# YOUR GOAL:
Look for the line containing "full bathroom with" and the line containing "People gather around" in the entries below. Copy those two and all lines between them exactly, leaving out pictures.

++++ SUPPLIED DATA

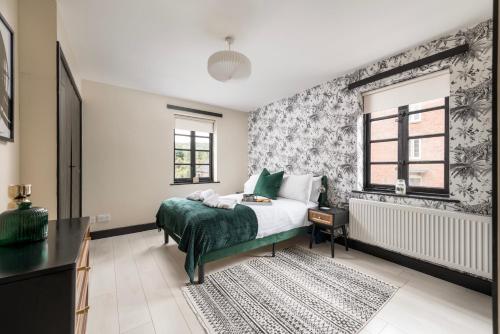 a bedroom with a bed with a green blanket at Salthouse Cottage in Ironbridge in Telford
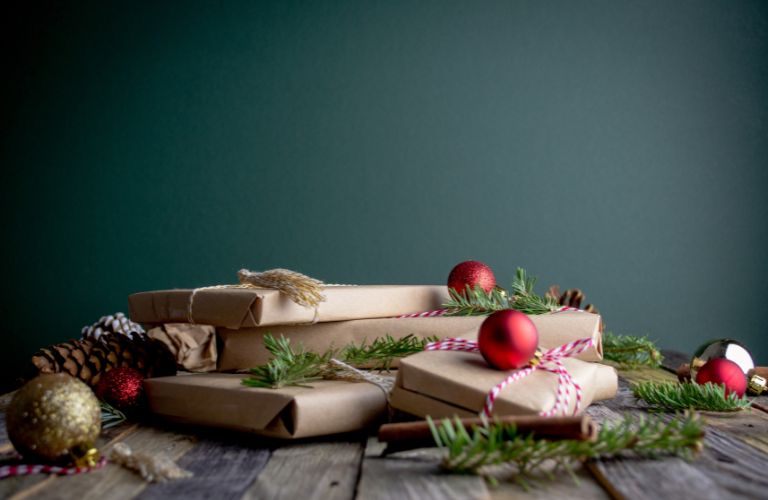 presents in brown paper with garland ornaments and pinecones on a wood table with a solid green background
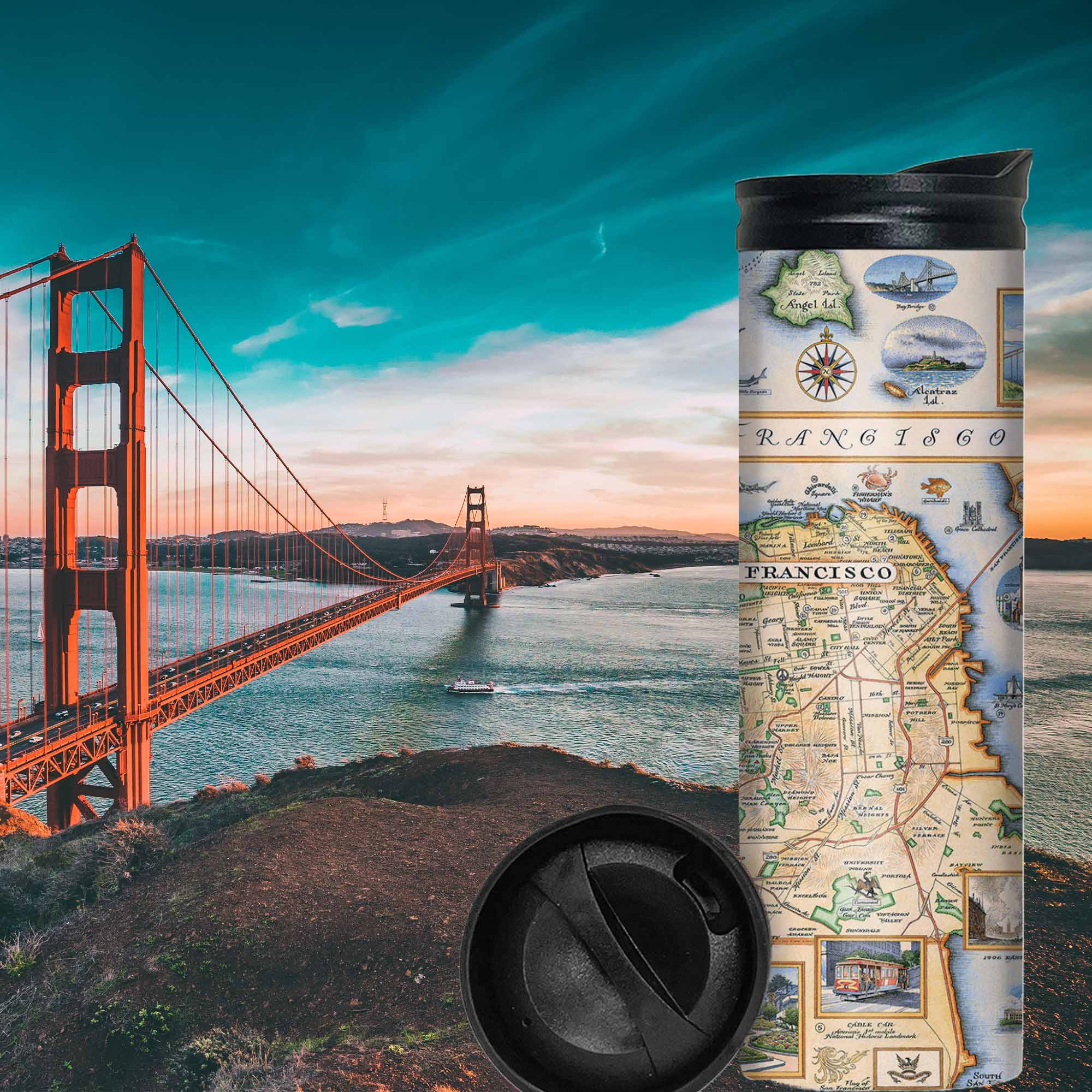 San Francisco Bay Map 16 oz Travel thermos mug with Golden Gate Bridge in the background.  The map features illustrations of places such as Candlestick Park, Fisherman's Wharf, Transamerica Pyramid, and Alcatraz Island. Flora and fauna include octopus, crab, palm trees, and a dahlia. 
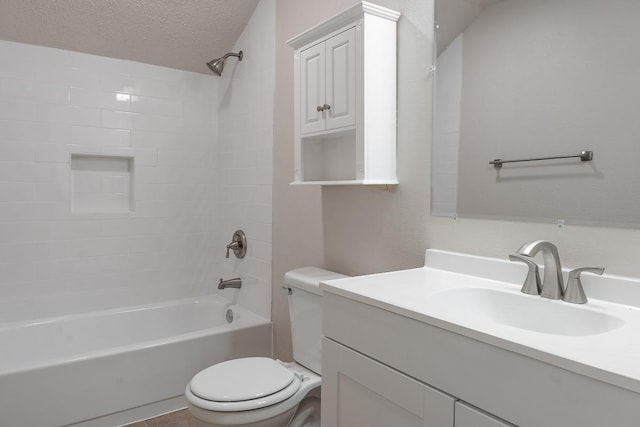 full bathroom with vanity, a textured ceiling, toilet, and tiled shower / bath combo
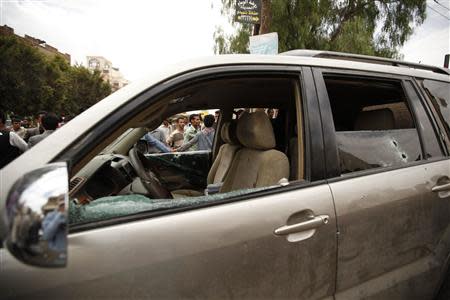 People gather around the car of the Shi'ite politician Ismail al-Wazir after an assassination attempt in Sanaa April 8, 2014. REUTERS/Khaled Abdullah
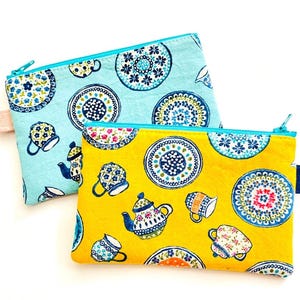 May include: Two zippered pouches with a blue and yellow floral pattern. The pouches feature a repeating design of teapots and plates with floral patterns.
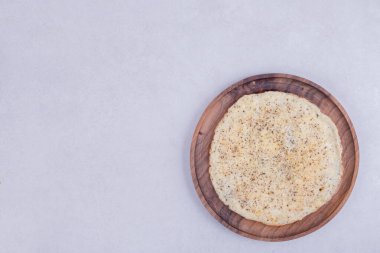 Beyaz arka planda ahşap tabakta lezzetli bir pizza.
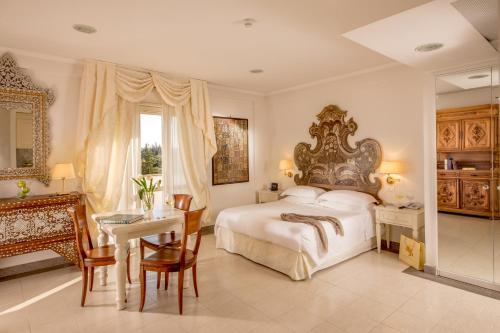 ein Schlafzimmer mit einem großen Bett, einem Tisch und einem Schreibtisch in der Unterkunft Arcom Palace in Pomezia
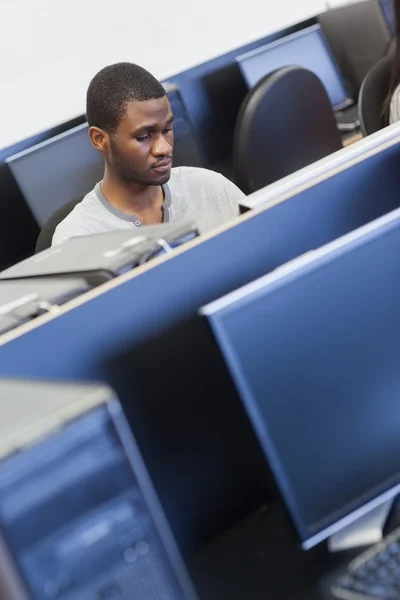 Człowiek siedzi w sali komputerowej — Zdjęcie stockowe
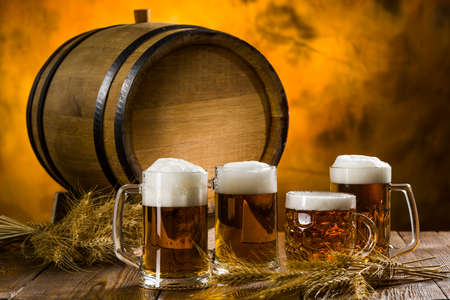 Barrel with glasses of light beer on a wooden tableの写真素材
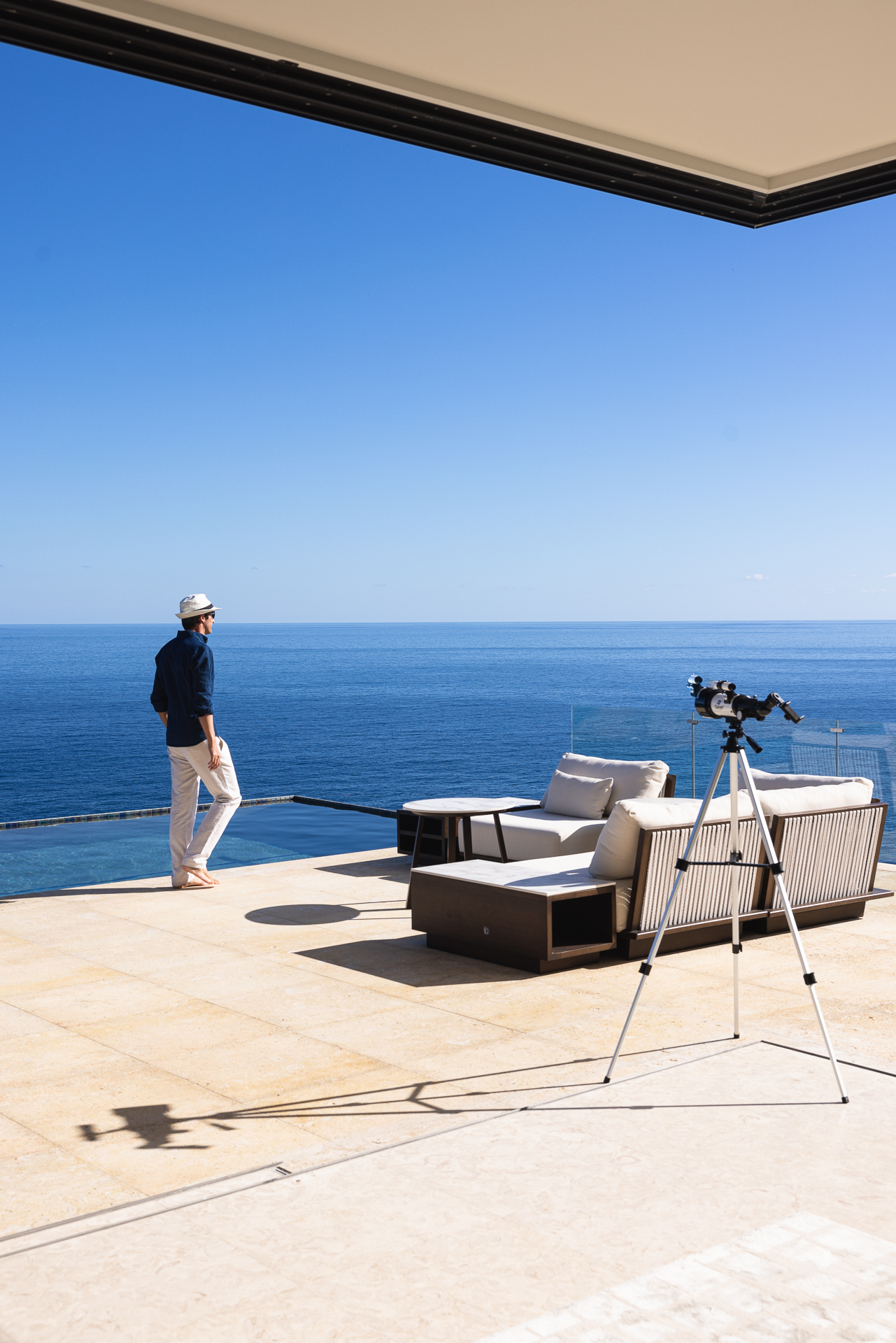 A person stands on a spacious terrace overlooking the ocean under a clear blue sky. On the terrace are two cushioned lounge chairs and a telescope mounted on a tripod, oriented towards the horizon. The scene exudes tranquility and luxury, embodying an upscale lifestyle.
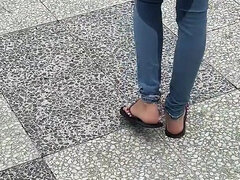 Public Wetting Jeans in Park Near the Beach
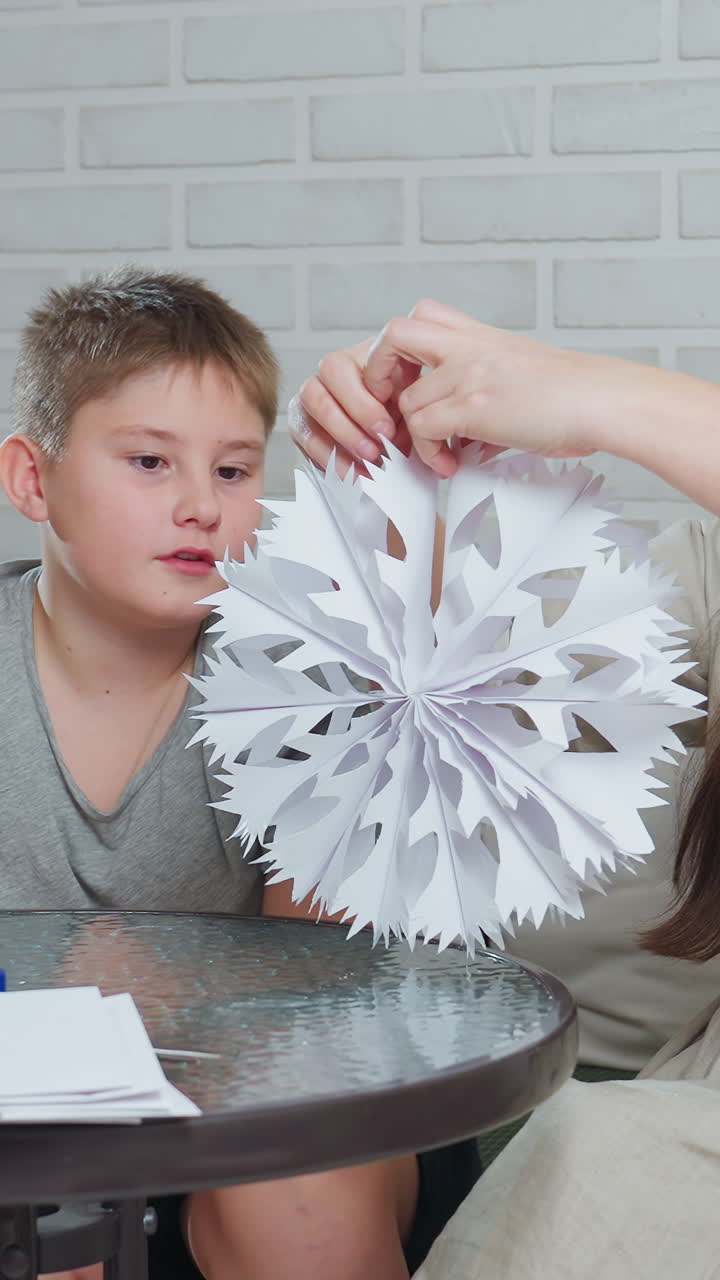 white boy watches paper snowflake unfold, hands revealing intricate cut pattern on round decoration closeup of curious child apprentice learning craft at glass table while mother guides as teacher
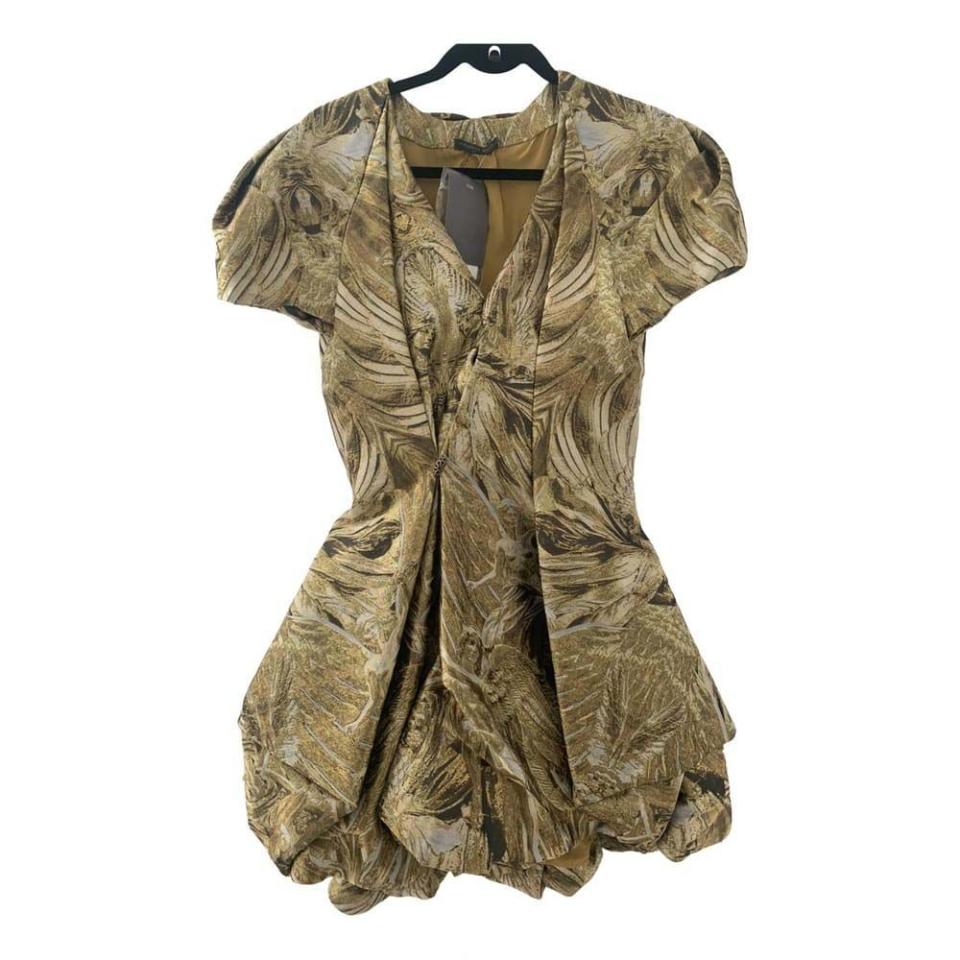 <p><a class="link " href="https://www.vestiairecollective.com/women-clothing/dresses/alexander-mcqueen/gold-silk-alexander-mcqueen-dress-24547760.shtml" rel="nofollow noopener" target="_blank" data-ylk="slk:SHOP NOW;elm:context_link;itc:0;sec:content-canvas">SHOP NOW</a></p><p>This rare couture piece is part of Alexander McQueen’s final collection, which, though unfinished at the time of his death, was shown a month later as part of a memorial show. The collection was inspired by Byzantine art, of which this dress, decorated with digitally printed images of angels and wings, is a poignant reminder.<br></p>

++++++++

# RESPONSE AREA:
 full bathroom with vanity, a textured ceiling, toilet, and tiled shower / bath combo
 People gather around the car of the Shi'ite politician Ismail al-Wazir after an assassination attempt in Sanaa April 8, 2014. REUTERS/Khaled Abdullah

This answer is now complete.